On Sept. 22, council voted to kill the repeal, paving the way for the referendum for citizens to either uphold Smoking Ban Light or return to Smoking Ban Fully Leaded on the ballot.

"If they vote for it, they're approving and passing the ordinance amendments to allow smoking in taverns and bars, health care facilities and so forth," Luben said.

"If they vote against it, they're rejecting it and repealing it," he said. "So if they reject it, we're back to the total ban."

Either way, a smoking ban of some form will be in effect.

McDonald, Luben and city council leadership are hammering out the final language, and will show it to Natrona County Clerk Renea Vitto within the day. City council does not need to vote to approve the language, Luben said.

Vitto is in charge of elections, and said the referendum poses a few, but resolvable problems.

State law requires referendums to be held between 20 and 60 days after a city council agrees to hold a referendum, which puts a county clerk in a jam during an off-year election, Vitto said. "I would like to make it earlier, but I don't know that we're going to have time to get everything done."

The vote on the third Tuesday -- the usual day for voting -- of November occurs four days before the 60-day deadline for referendums. The date will give her enough time to prepare for the election and allow time for absentee voting, she said.
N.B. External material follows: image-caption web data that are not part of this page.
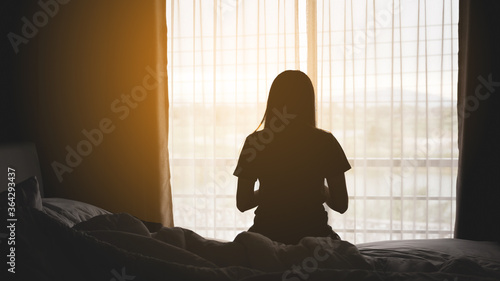 silhouette of alone woman sitting on the bed beside the windows with sunlight in the morning 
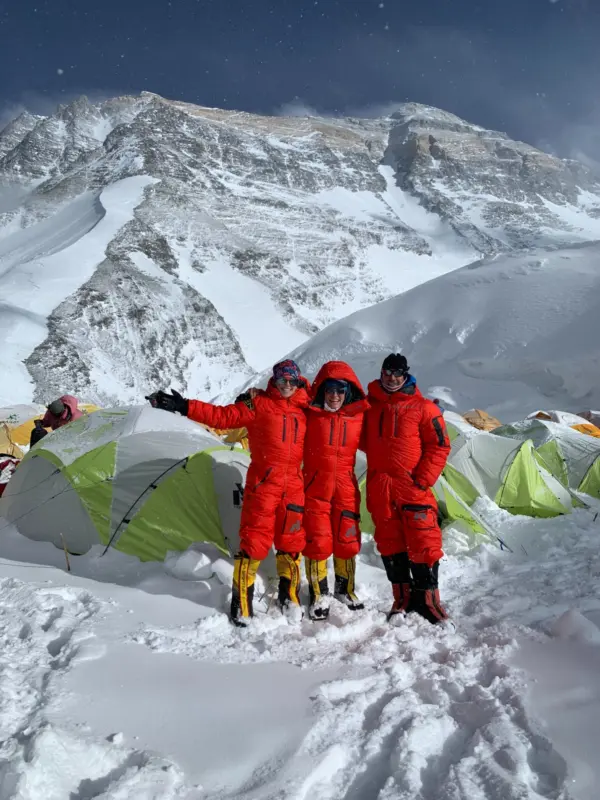 Three climbers in red down suits at a high camp on Everest's North Side, with the snow-covered upper mountain rising behind the tents.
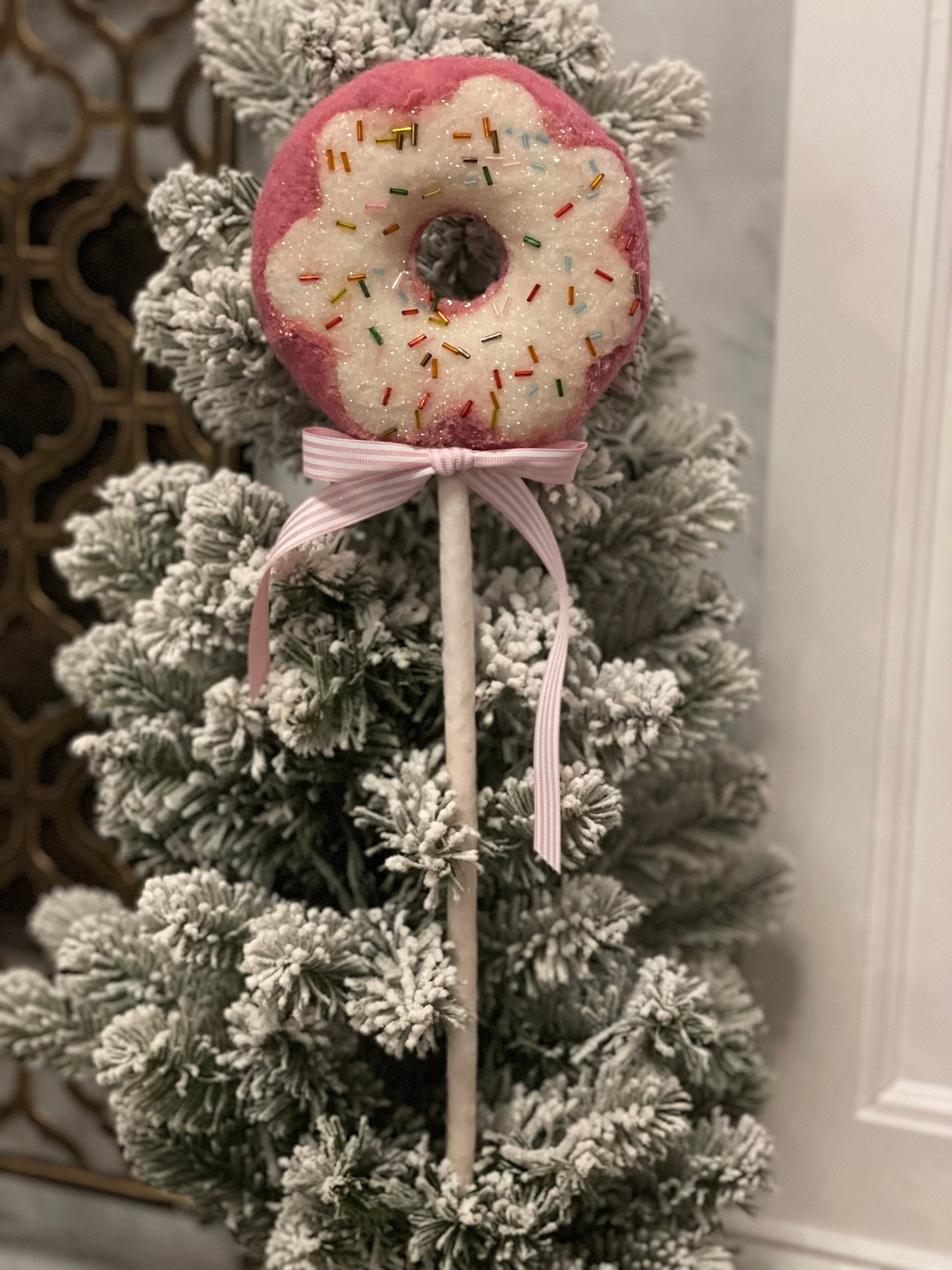 18” H x 5.5” D. Pink Dougnut pick ornament.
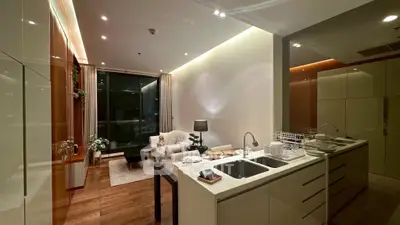 Luxurious modern living room with open kitchen, elegant decor, and ambient lighting.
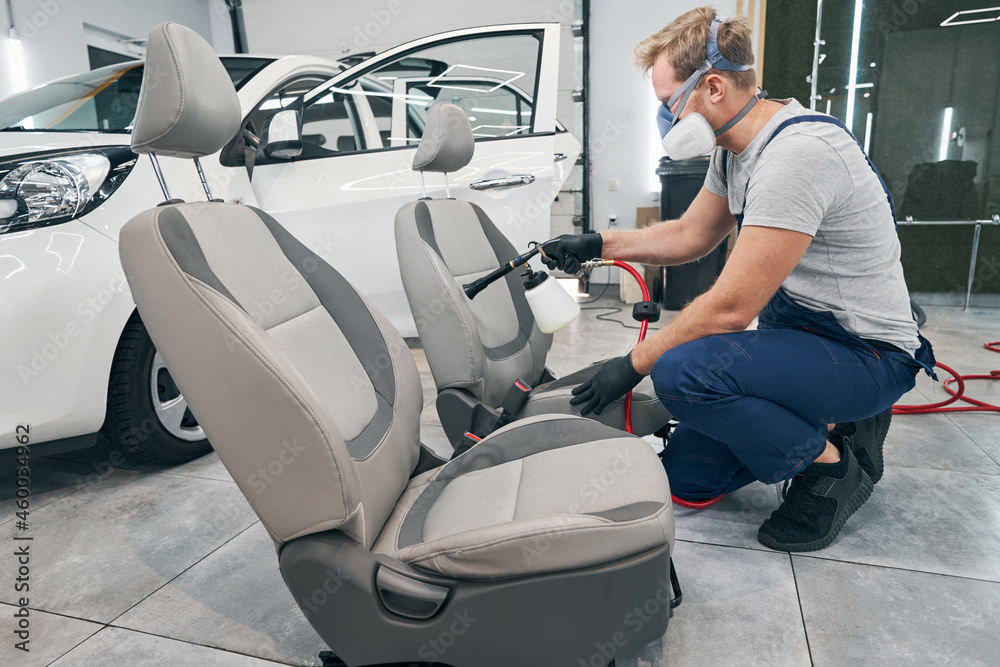 Car service worker doing chemical cleaning of seats. Detailing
The city is refining the language on the ballot. Vitto would like that language by Oct. 19 so she can send it to the printer and get the ballots returned by Oct. 22, she said.

Once she receives the ballots, she can begin testing the voting machines and then have about three weeks for absentee voting.

Vitto earlier estimated the cost of the referendum to be $30,000, but it probably will be less.

To save money, the city will have two polling places in each of the three wards, instead of the usual 27 in the three wards, Vitto said.

The City of Casper has 18,259 registered voters, and people can register to vote at the polls so that number could grow, Vitto said.